How To Build A Dynamic Operational Resilience Framework with OpRes & AWS

AWSCloudOperational ResilienceMachine LearningArtificial IntelligenceData

26 Jul

Written By Ben Saunders

Drafted by Ben Saunders: OpRes Founder

Roughly a 10-minute Read

Introduction:

“I want it all. And I want it now!”

No, that is not the sound of Queen strumming out one of their biggest hits. It’s the cries of Chief Information Officers, Chief Risk Officers, Heads of Operational Resilience and Service Delivery Leads yearning for a real-time operational resilience framework that is fit for the 21st Century! They want a dynamic capability that is evidence-based, all underpinned by trusted data sources.

As firms embark on responding to the operational resilience policies set by the Prudential Regulatory Authority (PRA) & Financial Conduct Authority (FCA), some will be mapping their important business services in Word documents and Visio flowcharts. Whilst others will be setting their impact tolerances in spreadsheets and documenting their risk appetite in reams of PowerPoint presentations.

Then there are the other, “others”! The firms that have a robust and rigorous methodology that leverages an event-driven operational resilience architecture. By applying principles like the distributed data-mesh, they are able to trigger alerts, notifications, and real-time insights to tell Material Risk Takers (MRT’s) when Impact Tolerances are at risk of being breached. They can automate their regulatory reporting into the FCA’s new platform RegData and they can respond to service disruptions at speed using modern engineering practices that are akin to DevOps & Continuous Delivery. However, these firms are very few and far between….

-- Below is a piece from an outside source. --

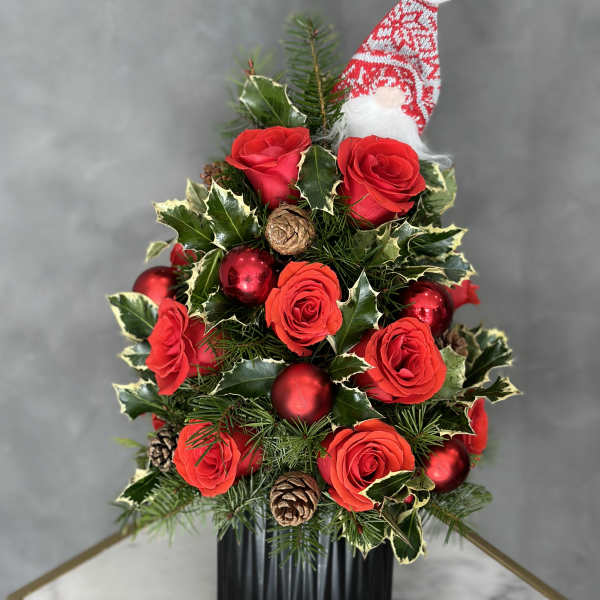 Christmas arrangement with red roses, ornaments, and a Santa hat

It would be easy for me to type this blog and state that OpRes is the silver bullet solution that firms need to turn towards, in order to answer the cries of their C-Suite! However, no single solution will enable firms to implement a dynamic, real-time operational resilience framework. In order to move to this level of maturity, firms will need to pull together multiple services and solutions across both public and private cloud, to deliver an end-to-end capability.

Considering the compelling timelines for firms to have mapped their important business services and the fast-approaching nature of March 2022. The easy approach to take is merely to demonstrate a sufficient level of mapping and scenario testing between now and then, in order to placate the regulators that just enough homework has indeed been conducted. Indeed, the FCA has suggested that firms who treat operational resilience as a first-class citizen can “promote effective competition” and see this as a differentiating factor in order to “compete for, and keep, customers”.

In order to meet the objectives set by regulators, whilst instilling a step-change in how operational resilience is oriented around the firm’s customer. We are setting about combining OpRes with the power of the public cloud, specifically Amazon Web Services (AWS). Over the course of this blog, we will share several high-level reference architectures that will explain how we will utilise managed services in AWS and integrate these with a firm's trusted data sources to unlock dynamic, real-time operational resilience.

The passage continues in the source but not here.